Предел забвения | страница 91
И события, которые должны претвориться в трагедию, но не претворились, в некотором роде никогда не случаются в полной мере; они происходят, но не исчерпывают собой действие причин, их породивших; рок не разрешается через них, а умножается и повторяется.
И последующие поколения сохранят раздвоение памяти, будут вынуждены ретроспективно, посредством нравственных оценок, вменять трагедию времени, в котором ее в бытийном смысле не случилось, а то, что случилось, называется как-то иначе.
Я знал, что машинисту никогда не откроется, кого он вез в арестантском вагоне, и его брат, сосланный на поселение туда, где протоколы заседаний райкома велись на бересте, где бумага была ценнее гвоздей, уже никогда не пошлет о себе весточки.
Эшелон трогался с запасных путей. В детстве, выходя к железной дороге считать вагоны и гадать, что в них, ты иногда встречал слишком длинный состав, который казался поездом-который-не-кончается, единственным на свете. Так и эшелон тянулся, тянулся за поворот, клубился пар, мерцали семафоры; потом вагоны все-таки заканчивались, и взгляд прицеплялся к запертой двери хвостового; казалось, она чуть-чуть приоткрыта, и в этой приоткрытости была последняя возможность что-то сделать, усилием воли преломить течение сна; но поезд уходил, а дверь оставалась перед глазами: так начинался третий сон.

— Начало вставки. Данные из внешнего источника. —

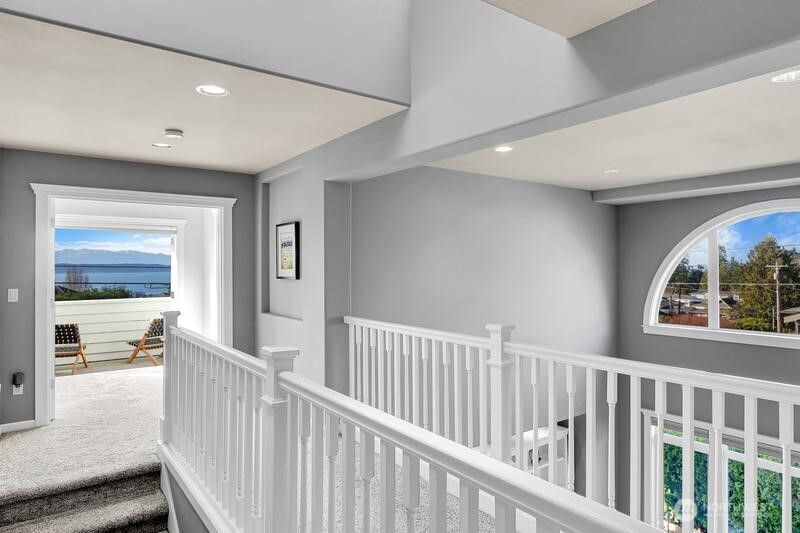 217 9th Avenue South Edmonds, WA 98020 - Photo 18 of 37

Дверь эта сначала сохраняла свой облик, потом становилась просто дверью, потом менялась — каждый раз, когда сон повторялся, она была новой; дверью комнаты, парадного, кабинета; дерево, металл, ручка, замок — все преображалось. Оставалось лишь одно — приоткрытость, будто бы мгновение, когда дверь уже почти закрылась, погрузили в субъективное, не имеющее для спящего протяженности время сна, и оно бесконечно длилось, но я не мог чувствовать этой длительности — я ощущал лишь одно мучительное «почти»; то, что обозначало это слово, стало из наречия подобием существительного, отвечало на вопрос «что?», а не «как?». Дверь была уже не открыта, но еще не закрыта; причем я знал, что если она закроется, то не откроется уже никогда, исчезнет, и останется лишь непроницаемая стена.

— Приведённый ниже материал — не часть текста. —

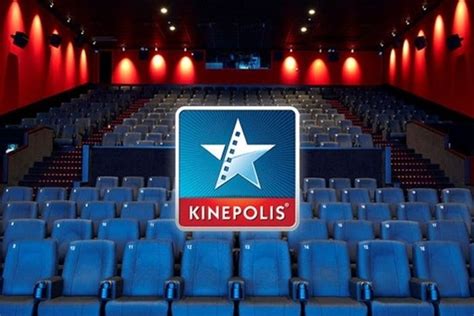 Interieur van de moderne Kinepolis bioscoop met comfortabele stoelen en groot scherm.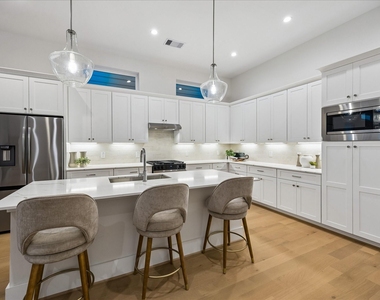 1520 W 21st St - Photo Thumbnail 6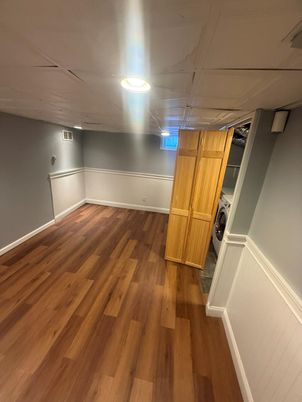 Empty room, Interior, Washer, Wood Texture Flooring
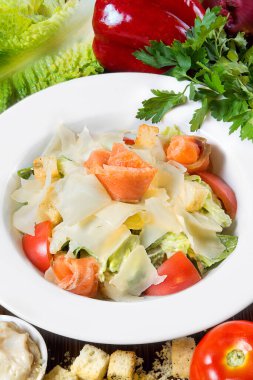 Karides, roka ve yuvarlak beyaz tabakta parmesan peynirli deniz ürünleri salatası. Yakın plan..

Я тянулся к ней, ища клин, чтобы вбить его между дверью и косяком, — и почти успевал, но и не успевал; одновременно, чтобы хоть во взгляде спасти то, что за дверью, я смотрел в замочную скважину — и проваливался в нее, летел в пространстве, где множились другие двери, ставни, ворота, калитки, люки, крышки колодцев. Там закрывалось все, что могло закрываться — секретеры, шкатулки с письмами, почтовые ящики, сейфы, дверцы печей, блокноты, школьные тетради, альбомы марок; весь мир, казалось, складывался, как одна большая книга, которую должно обить железными полосами, повесить на нее замок и положить под спуд.